When one thinks of a defining moment from the 1996 Olympics in Atlanta, the image of Kerri Strug leaps to mind.

The 4-foot-9, 87-pound teenager fell while competing in the vault event, hurting her ankle in the process. Yet, limping and all, she attempted another vault, collapsed afterward as her ankle gave way and notched a 9.712 score. The U.S. team captured the gold medal, and a smiling Strug was carried around the mat by her coach, Bela Karolyi. Soon she appeared on the cover of Sports Illustrated, as a guest host on “Saturday Night Live” and in ad campaigns.

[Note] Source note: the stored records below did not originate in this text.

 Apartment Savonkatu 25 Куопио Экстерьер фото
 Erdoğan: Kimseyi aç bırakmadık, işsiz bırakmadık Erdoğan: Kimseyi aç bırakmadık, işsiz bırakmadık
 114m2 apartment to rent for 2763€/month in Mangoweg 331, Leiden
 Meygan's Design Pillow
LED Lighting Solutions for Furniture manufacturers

Every four years, after being ignored by the masses since the previous Olympics, gymnastics grabs the limelight. Whereas once track and field seemed to provide the majority of timeless Olympic moments — think of Jesse Owens in Berlin, or Rafer Johnson in Rome — gymnastics has leapt ahead. Olga Korbut's grin and mind-numbing flexibility was an iconic moment of the 1972 Olympics (along with Mark Spitz' seven gold medals), Nadia Comaneci — all of 14 — earned the first perfect 10 from judges in Montreal (where the scoreboards didn’t even go up that high), and Mary Lou Retton captured the hearts of millions in her home country in 1984 before gracing the side of a Wheaties Box.

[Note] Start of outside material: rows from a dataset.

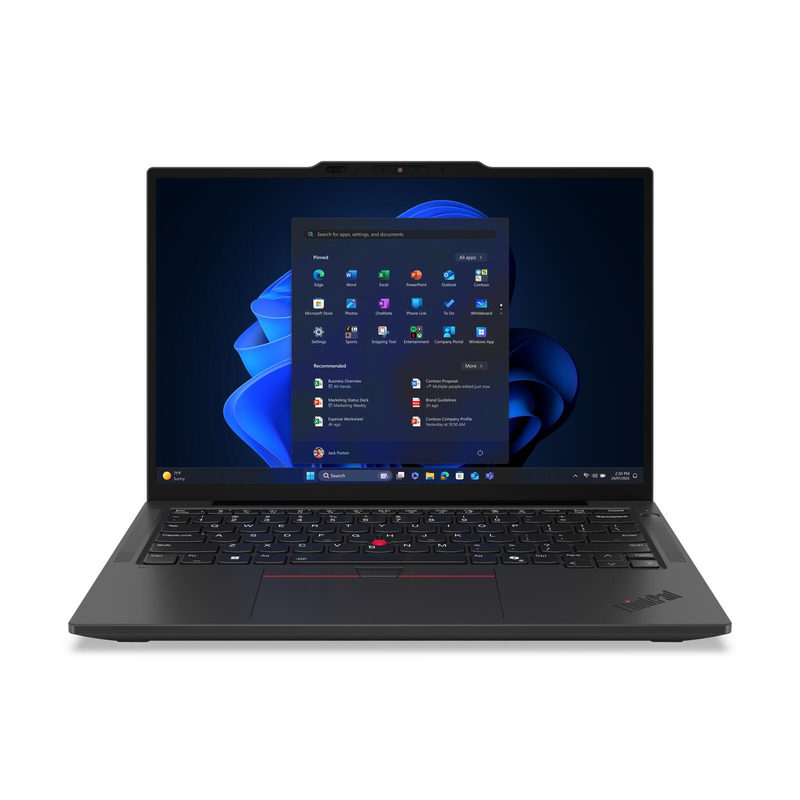 Lenovo ThinkPad X13, Bild 5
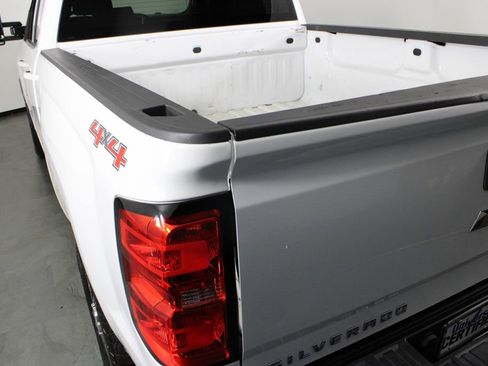 Used 2017 Chevrolet Silverado 2500 LT w/ All Star Edition image 18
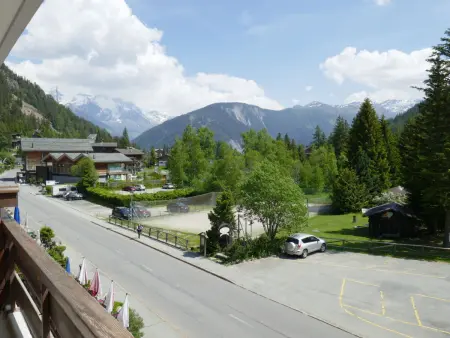 Le Sporting 213, Appartement 5 personnes à Champex - Photo 20
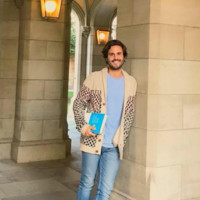 Caban Employee Jairo Vecino's profile photo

But these examples beg the question: Why does the iconic moment of the Olympic Games always seem to end up being a high school girl flipping about bars and prancing around a floor mat? (One may also ask: Why does every coach seem to be a paunchy male who has a vague resemblance to Lech Walesa, the former president of Poland?)

One reason for gymnastics' quadrennial success: It's good television. There's quite a bit of dance in the floor exercise; the moves on the uneven bars can be breathtaking; and on the balance beam, young women can place their chins on the brown covering and contort their bodies in ways many can't imagine, much less match. They offer a bubbly smile that's more appealing to watch than, say, a dour weightlifter. And with about half the Olympic viewers female — an unheard of percentage during regular sports events — the popularity of gymnastics soars even higher.

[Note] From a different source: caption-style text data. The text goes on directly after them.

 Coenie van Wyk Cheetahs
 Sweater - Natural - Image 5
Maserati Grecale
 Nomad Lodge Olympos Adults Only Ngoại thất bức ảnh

Personal stories of these pixies (who are often the female equivalent, in height and weight, of jockeys) always seem compelling. Consider Retton, a 16-year-old from West Virginia who took up gymnastics because of the excitement of watching Romanian gymnast Comaneci as a girl. After birth she suffered from hip dysplasia and she had to overcome a knee injury before the Games, yet by the end Retton was arguably the most famous woman in America.

In an Olympic sport such as basketball, the lion's share of sports fans want to watch the men rather than the women. Their games are likely more popular because of a higher skill level and because they're played by superstars whose names are recognized by millions. In gymnastics, both the women and the men are often equally unknown at the outset, and the women's performances are more captivating to watch than men's. Seeing men whip around a pommel horse is mildly entertaining, but it doesn't beguile a nation. In fact, aside from Kurt Thomas, it's hard to name one well-known American gymnast of the last century.

Of course, not all is perfect. In a recent "Real World" segment on HBO, Bryant Gumbel spoke with Dominique Moceanu, a member of "The Magnificent 7" who won a gold medal during the Atlanta Olympics. She complained about the diet restrictions imposed on gymnasts at a young age and the stresses she encountered that led to injuries. And the pressure to perform in front of a global television audience before a gymnast has even attended her high school prom may be too much to place on any athlete.

Regardless, female gymnasts are often championed by marketers. The post-Olympics success of the Mary Lou Rettons and Kerri Strugs of the world are well documented. This year, Nastia Liukin — whose father was an Olympic gold medalist and who has appeared on TODAY — and Alicia Sacramone, who’s already inked a pact with CoverGirl, are positioned to attract a slew of offers after the Games.

So once again, America's attention turns to a sport featuring tiny athletes maneuvering about apparatuses that are hidden from the world except during the Olympics. This month, female gymnasts will be a huge topic of conversation; by Labor Day, save for the endorsement winners, gymnastics again will enter its four-year stretch in the wilderness.